## Data under study
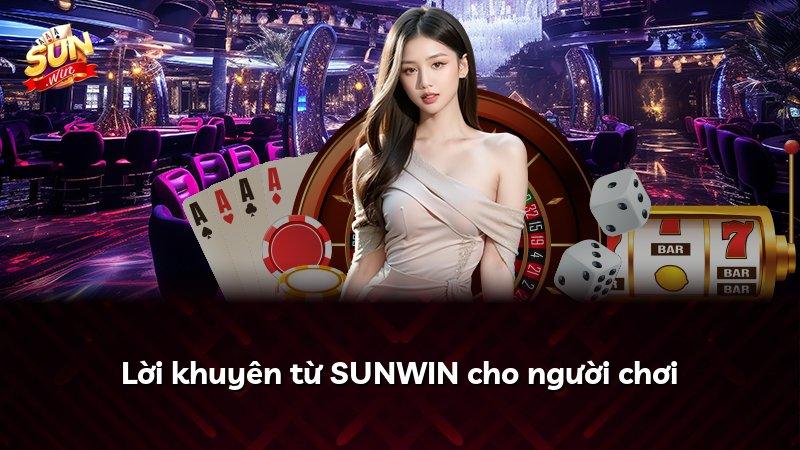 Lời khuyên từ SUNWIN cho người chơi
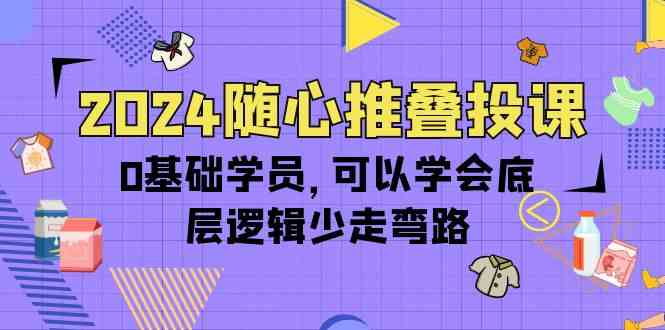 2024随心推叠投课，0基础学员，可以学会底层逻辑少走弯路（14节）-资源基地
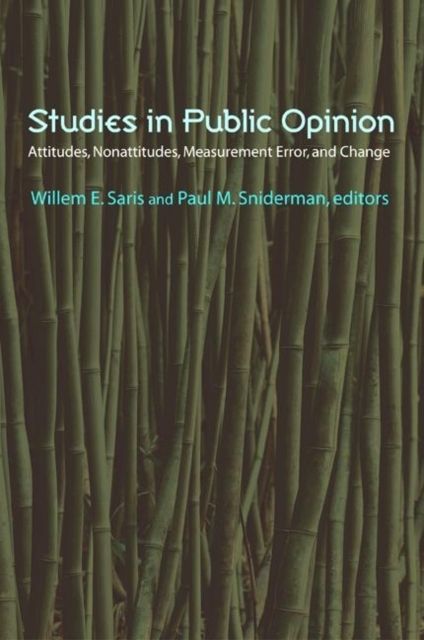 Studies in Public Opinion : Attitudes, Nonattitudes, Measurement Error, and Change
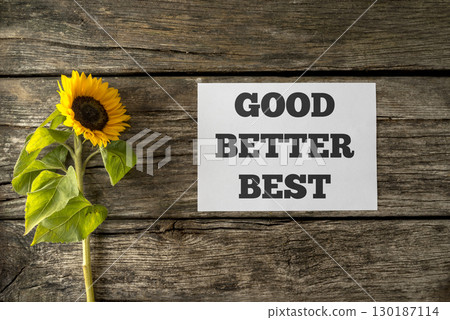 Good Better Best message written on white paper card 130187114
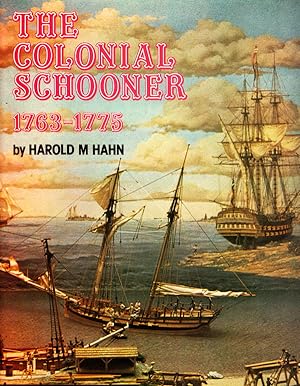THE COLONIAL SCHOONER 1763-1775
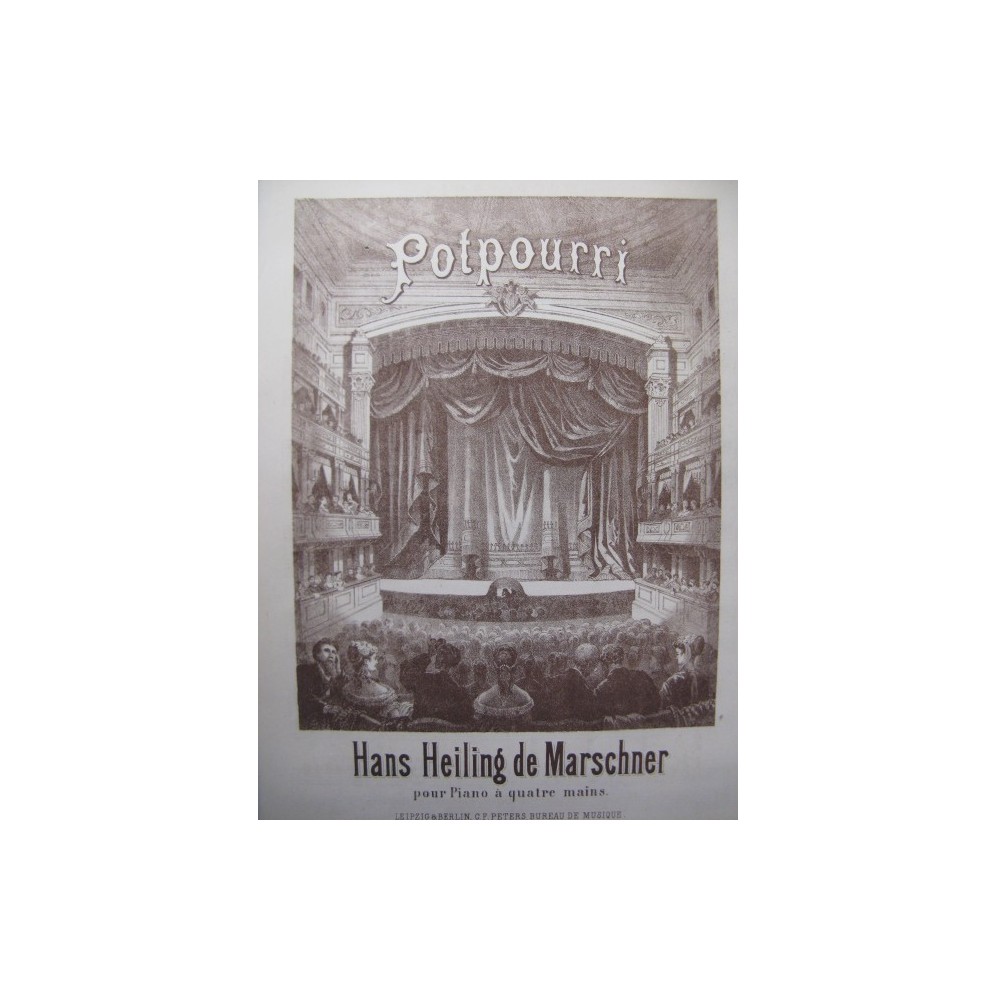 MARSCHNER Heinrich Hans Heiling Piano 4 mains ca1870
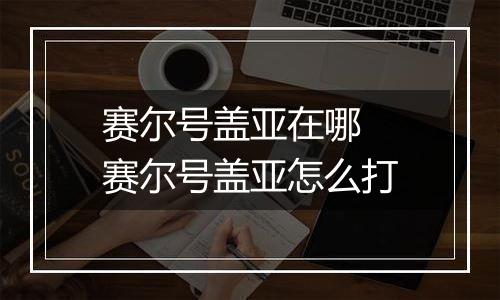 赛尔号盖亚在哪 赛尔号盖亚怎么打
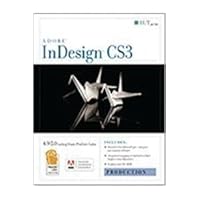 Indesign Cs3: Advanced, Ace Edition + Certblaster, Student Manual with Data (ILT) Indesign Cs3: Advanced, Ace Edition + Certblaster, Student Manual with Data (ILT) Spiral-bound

## Directions
Return every line of the records exactly as given, pictures excluded.

## Solution to this exercise
 Lời khuyên từ SUNWIN cho người chơi
 2024随心推叠投课，0基础学员，可以学会底层逻辑少走弯路（14节）-资源基地
 Studies in Public Opinion : Attitudes, Nonattitudes, Measurement Error, and Change
 Good Better Best message written on white paper card 130187114
THE COLONIAL SCHOONER 1763-1775
 MARSCHNER Heinrich Hans Heiling Piano 4 mains ca1870
 赛尔号盖亚在哪 赛尔号盖亚怎么打
 Indesign Cs3: Advanced, Ace Edition + Certblaster, Student Manual with Data (ILT) Indesign Cs3: Advanced, Ace Edition + Certblaster, Student Manual with Data (ILT) Spiral-bound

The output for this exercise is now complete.